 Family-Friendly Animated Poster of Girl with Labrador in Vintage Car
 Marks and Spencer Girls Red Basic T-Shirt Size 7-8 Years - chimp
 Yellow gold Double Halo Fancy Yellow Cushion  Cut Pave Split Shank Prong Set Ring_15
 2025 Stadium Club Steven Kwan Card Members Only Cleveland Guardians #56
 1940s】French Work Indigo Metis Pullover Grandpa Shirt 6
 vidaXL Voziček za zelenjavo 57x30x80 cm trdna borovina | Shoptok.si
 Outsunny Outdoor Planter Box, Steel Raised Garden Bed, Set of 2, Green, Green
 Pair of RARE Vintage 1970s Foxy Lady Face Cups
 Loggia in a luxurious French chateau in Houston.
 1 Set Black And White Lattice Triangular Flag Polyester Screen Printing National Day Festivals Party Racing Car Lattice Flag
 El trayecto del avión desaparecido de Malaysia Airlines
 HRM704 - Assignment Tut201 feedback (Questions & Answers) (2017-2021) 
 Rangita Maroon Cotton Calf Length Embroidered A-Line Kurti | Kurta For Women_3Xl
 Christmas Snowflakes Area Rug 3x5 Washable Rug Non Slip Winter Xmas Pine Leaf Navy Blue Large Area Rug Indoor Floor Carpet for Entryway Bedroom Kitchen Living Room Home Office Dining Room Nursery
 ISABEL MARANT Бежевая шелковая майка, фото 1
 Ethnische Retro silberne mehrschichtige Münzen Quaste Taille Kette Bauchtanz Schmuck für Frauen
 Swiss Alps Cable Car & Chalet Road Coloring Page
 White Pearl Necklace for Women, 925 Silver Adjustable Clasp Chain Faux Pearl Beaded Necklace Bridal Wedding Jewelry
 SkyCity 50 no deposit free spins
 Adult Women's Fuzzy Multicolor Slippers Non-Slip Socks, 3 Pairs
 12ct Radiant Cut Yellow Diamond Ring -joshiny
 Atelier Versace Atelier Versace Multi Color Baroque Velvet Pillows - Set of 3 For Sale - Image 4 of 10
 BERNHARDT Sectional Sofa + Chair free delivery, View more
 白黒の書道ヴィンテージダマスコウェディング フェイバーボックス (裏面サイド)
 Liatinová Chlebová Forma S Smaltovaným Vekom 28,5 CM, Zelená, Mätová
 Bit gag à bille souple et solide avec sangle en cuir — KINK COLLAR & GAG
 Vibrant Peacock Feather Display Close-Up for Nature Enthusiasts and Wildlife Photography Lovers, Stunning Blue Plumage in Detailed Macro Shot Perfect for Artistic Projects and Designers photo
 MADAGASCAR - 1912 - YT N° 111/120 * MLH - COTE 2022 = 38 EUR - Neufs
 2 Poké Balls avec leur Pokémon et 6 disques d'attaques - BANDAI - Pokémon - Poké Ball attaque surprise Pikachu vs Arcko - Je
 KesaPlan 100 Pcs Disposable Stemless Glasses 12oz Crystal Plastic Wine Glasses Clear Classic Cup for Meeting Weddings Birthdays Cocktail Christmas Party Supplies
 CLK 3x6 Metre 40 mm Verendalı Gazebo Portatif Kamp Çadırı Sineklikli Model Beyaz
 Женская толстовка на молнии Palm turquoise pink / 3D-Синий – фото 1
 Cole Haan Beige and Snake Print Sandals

# # # # # # #

* EXERCISE DESCRIPTION: Using the records above, set down exactly the lines from the one with "Ethnische Retro silberne" through the one with "MADAGASCAR - 1912", inclusive, and nothing more.

* RESPONSE TO THE EXERCISE:
 Ethnische Retro silberne mehrschichtige Münzen Quaste Taille Kette Bauchtanz Schmuck für Frauen
 Swiss Alps Cable Car & Chalet Road Coloring Page
 White Pearl Necklace for Women, 925 Silver Adjustable Clasp Chain Faux Pearl Beaded Necklace Bridal Wedding Jewelry
 SkyCity 50 no deposit free spins
 Adult Women's Fuzzy Multicolor Slippers Non-Slip Socks, 3 Pairs
 12ct Radiant Cut Yellow Diamond Ring -joshiny
 Atelier Versace Atelier Versace Multi Color Baroque Velvet Pillows - Set of 3 For Sale - Image 4 of 10
 BERNHARDT Sectional Sofa + Chair free delivery, View more
 白黒の書道ヴィンテージダマスコウェディング フェイバーボックス (裏面サイド)
 Liatinová Chlebová Forma S Smaltovaným Vekom 28,5 CM, Zelená, Mätová
 Bit gag à bille souple et solide avec sangle en cuir — KINK COLLAR & GAG
 Vibrant Peacock Feather Display Close-Up for Nature Enthusiasts and Wildlife Photography Lovers, Stunning Blue Plumage in Detailed Macro Shot Perfect for Artistic Projects and Designers photo
 MADAGASCAR - 1912 - YT N° 111/120 * MLH - COTE 2022 = 38 EUR - Neufs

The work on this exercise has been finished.